Hilary Jenkins, senior manager with Inn from the Cold, said donations tend to drop off in January and that the economic downturn has meant less monitory donations.
“We rely on the community to support us throughout the entire year,” said Jenkins.
”No matter the weather, there’s always a need.”
Jackets, gloves, toques and boots are among the most-needed items across the city.
Jenkins added that winter clothing of any size is accepted at the downtown location.
“We provide winter wear for families and for children of all ages,” explained Jenkins. “When most families arrive at the emergency shelter, they don’t have winter gear.”
Calgary police estimate there are 2,800 homeless Calgarians and Staff Sgt. Frank Cattoni said the dangers of living on the streets are magnified when the temperature drops.
“We’re always concerned about the safety of this population because often we see them wandering around late at night.”

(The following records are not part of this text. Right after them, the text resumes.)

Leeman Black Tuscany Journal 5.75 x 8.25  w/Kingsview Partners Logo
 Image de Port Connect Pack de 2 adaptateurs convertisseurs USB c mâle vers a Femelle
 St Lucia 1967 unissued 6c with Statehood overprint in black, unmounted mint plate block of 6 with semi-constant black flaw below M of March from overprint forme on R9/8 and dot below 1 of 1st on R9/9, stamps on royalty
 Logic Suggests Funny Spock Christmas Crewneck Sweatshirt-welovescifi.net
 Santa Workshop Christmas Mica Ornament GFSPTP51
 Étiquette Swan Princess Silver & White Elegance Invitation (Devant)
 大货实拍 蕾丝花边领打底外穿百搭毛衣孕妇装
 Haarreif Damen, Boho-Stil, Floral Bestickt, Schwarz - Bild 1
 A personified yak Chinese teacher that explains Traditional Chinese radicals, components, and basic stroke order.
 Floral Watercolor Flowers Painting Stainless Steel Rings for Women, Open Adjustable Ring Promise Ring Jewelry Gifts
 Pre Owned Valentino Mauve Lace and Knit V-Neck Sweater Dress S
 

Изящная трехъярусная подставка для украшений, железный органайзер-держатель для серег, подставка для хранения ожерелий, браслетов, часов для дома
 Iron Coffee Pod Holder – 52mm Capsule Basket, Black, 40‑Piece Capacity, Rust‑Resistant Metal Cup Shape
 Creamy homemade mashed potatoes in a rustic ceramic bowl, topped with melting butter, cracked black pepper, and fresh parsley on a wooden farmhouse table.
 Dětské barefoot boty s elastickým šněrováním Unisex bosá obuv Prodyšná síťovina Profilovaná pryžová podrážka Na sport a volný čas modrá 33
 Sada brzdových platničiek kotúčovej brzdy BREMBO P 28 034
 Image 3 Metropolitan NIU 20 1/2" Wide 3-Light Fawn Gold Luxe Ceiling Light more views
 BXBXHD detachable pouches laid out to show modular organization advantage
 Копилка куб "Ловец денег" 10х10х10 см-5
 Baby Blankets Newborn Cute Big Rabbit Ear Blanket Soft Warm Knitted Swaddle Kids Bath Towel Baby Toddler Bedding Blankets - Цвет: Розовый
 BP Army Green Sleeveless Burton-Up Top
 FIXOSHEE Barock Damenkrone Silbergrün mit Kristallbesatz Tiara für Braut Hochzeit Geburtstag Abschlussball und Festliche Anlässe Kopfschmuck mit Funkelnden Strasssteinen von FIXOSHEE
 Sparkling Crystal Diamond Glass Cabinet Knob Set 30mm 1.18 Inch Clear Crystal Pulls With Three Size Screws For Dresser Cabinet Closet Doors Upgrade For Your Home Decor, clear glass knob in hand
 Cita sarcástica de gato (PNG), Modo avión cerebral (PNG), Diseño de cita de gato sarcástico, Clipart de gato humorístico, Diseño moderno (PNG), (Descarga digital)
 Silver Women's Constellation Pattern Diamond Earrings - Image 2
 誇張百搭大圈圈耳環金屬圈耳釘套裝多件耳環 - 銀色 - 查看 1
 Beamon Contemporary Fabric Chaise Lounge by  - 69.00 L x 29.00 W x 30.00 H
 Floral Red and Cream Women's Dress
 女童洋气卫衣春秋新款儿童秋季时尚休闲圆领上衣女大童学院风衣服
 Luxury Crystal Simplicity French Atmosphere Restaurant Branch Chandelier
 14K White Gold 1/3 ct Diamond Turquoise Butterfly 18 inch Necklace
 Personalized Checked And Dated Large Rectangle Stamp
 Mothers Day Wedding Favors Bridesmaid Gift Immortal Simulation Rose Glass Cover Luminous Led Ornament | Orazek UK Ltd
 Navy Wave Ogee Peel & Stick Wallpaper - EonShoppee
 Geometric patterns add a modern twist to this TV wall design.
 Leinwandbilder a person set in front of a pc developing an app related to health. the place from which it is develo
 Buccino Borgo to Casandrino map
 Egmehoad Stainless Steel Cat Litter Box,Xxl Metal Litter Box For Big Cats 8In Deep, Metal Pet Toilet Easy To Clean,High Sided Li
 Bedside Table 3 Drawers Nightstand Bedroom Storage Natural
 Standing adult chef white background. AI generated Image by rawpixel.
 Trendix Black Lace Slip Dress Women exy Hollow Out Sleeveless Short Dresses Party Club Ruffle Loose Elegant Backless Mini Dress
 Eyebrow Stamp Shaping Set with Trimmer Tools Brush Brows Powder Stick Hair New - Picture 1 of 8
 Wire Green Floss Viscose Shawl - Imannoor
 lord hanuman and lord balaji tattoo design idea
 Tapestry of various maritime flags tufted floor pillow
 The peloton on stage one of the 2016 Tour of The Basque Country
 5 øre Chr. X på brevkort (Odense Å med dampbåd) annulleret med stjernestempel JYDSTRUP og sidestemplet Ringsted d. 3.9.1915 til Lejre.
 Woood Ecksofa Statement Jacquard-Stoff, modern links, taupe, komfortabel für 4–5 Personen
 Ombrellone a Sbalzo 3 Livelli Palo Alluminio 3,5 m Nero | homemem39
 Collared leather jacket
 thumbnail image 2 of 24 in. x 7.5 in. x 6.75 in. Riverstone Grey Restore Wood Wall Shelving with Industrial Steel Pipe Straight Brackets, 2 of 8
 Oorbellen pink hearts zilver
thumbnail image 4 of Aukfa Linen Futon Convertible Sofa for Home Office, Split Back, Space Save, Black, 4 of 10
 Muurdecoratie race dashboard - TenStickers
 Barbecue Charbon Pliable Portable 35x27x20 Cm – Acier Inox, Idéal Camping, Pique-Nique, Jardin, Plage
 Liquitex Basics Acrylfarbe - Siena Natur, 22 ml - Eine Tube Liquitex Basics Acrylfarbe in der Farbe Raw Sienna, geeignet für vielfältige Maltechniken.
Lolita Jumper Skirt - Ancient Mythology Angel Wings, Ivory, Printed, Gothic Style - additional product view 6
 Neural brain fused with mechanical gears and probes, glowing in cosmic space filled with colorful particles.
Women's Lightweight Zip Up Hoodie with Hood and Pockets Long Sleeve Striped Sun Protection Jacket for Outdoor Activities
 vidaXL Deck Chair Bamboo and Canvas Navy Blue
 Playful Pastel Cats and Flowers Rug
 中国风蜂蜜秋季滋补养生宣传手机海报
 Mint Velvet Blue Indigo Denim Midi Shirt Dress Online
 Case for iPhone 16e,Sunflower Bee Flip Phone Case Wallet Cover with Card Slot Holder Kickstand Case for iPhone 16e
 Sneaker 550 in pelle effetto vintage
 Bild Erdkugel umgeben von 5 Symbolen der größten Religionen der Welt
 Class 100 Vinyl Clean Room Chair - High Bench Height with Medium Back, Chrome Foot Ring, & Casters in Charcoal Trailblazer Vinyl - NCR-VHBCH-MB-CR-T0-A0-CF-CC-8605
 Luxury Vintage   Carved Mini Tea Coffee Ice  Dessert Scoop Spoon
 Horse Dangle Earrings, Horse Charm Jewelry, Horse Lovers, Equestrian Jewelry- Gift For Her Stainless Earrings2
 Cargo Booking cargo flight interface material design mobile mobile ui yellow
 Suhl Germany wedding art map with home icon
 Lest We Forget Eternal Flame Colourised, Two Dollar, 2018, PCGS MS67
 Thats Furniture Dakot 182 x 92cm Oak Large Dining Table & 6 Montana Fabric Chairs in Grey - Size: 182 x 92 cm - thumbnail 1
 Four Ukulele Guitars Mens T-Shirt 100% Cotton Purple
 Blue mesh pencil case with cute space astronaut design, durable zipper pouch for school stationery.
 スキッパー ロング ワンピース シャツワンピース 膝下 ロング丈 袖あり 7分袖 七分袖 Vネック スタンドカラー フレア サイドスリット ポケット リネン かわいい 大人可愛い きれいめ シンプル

Cattoni said officers are working closely with shelters to triage the homeless to the appropriate organization.
Natalie Noble – a director with the Calgary Drop-In Centre – said the centre is ready for an influx of clients.
“Our staffing levels are up and we have enough mats for everybody,” said Noble. “We’re making sure we have enough space to keep everyone warm.”
Noble added that the Drop-In Centre does have an overflow shelter it can open if needed but that it expects to be able to handle the increase in numbers at its main location.